Exact copy, no pictures: output each line below as it stands.

── Entries shown ──

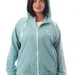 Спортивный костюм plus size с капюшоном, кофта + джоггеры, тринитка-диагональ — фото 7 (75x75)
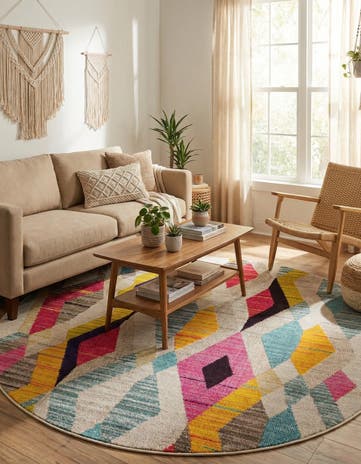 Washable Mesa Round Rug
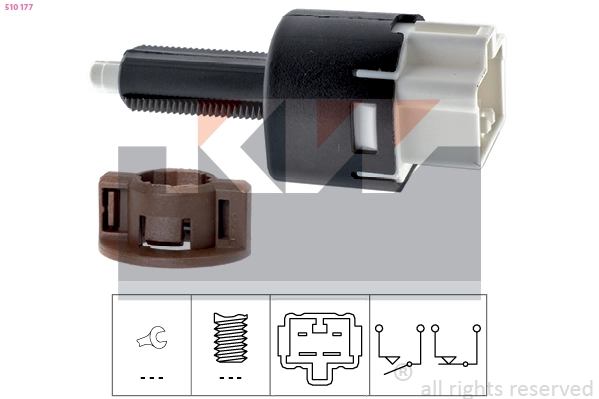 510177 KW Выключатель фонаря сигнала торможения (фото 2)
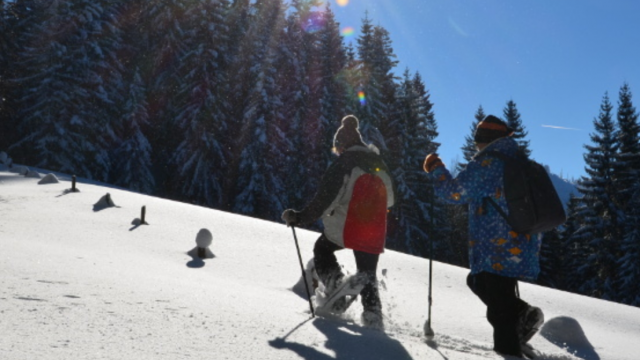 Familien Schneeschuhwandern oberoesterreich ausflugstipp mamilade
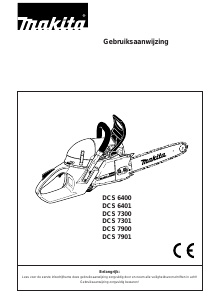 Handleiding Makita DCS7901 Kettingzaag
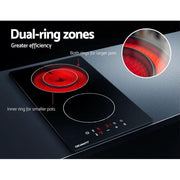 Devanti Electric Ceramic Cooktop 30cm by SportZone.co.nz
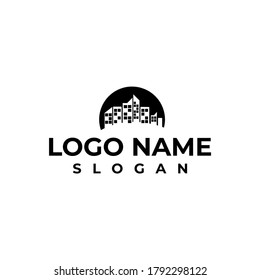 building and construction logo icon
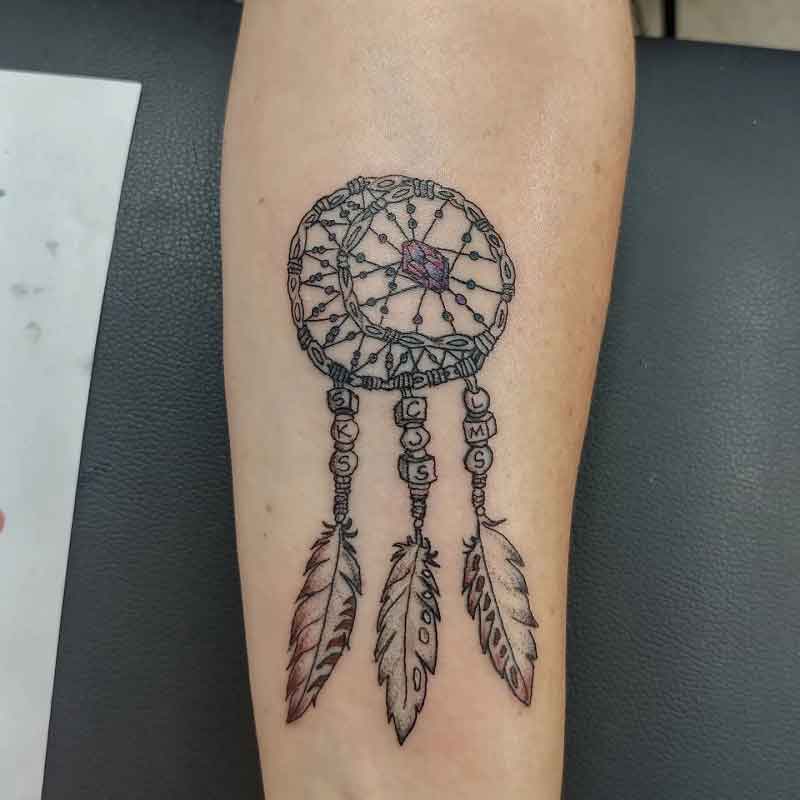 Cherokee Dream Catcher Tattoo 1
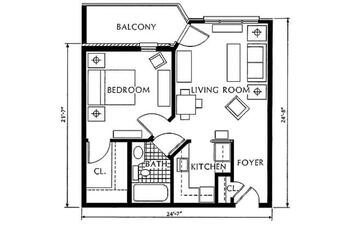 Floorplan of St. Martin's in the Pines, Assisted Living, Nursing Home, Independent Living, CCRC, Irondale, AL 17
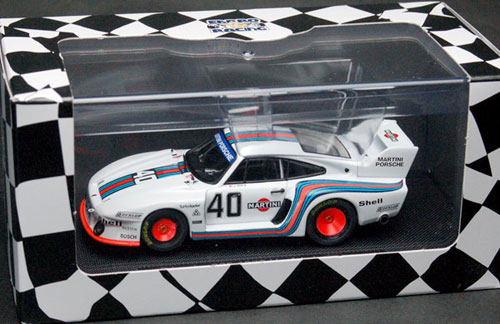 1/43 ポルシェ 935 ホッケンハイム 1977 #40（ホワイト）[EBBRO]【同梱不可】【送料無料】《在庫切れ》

───

=== Output ===
 Спортивный костюм plus size с капюшоном, кофта + джоггеры, тринитка-диагональ — фото 7 (75x75)
 Washable Mesa Round Rug
 510177 KW Выключатель фонаря сигнала торможения (фото 2)
 Familien Schneeschuhwandern oberoesterreich ausflugstipp mamilade
 Handleiding Makita DCS7901 Kettingzaag
 Devanti Electric Ceramic Cooktop 30cm by SportZone.co.nz
 building and construction logo icon
 Cherokee Dream Catcher Tattoo 1
 Floorplan of St. Martin's in the Pines, Assisted Living, Nursing Home, Independent Living, CCRC, Irondale, AL 17
 1/43 ポルシェ 935 ホッケンハイム 1977 #40（ホワイト）[EBBRO]【同梱不可】【送料無料】《在庫切れ》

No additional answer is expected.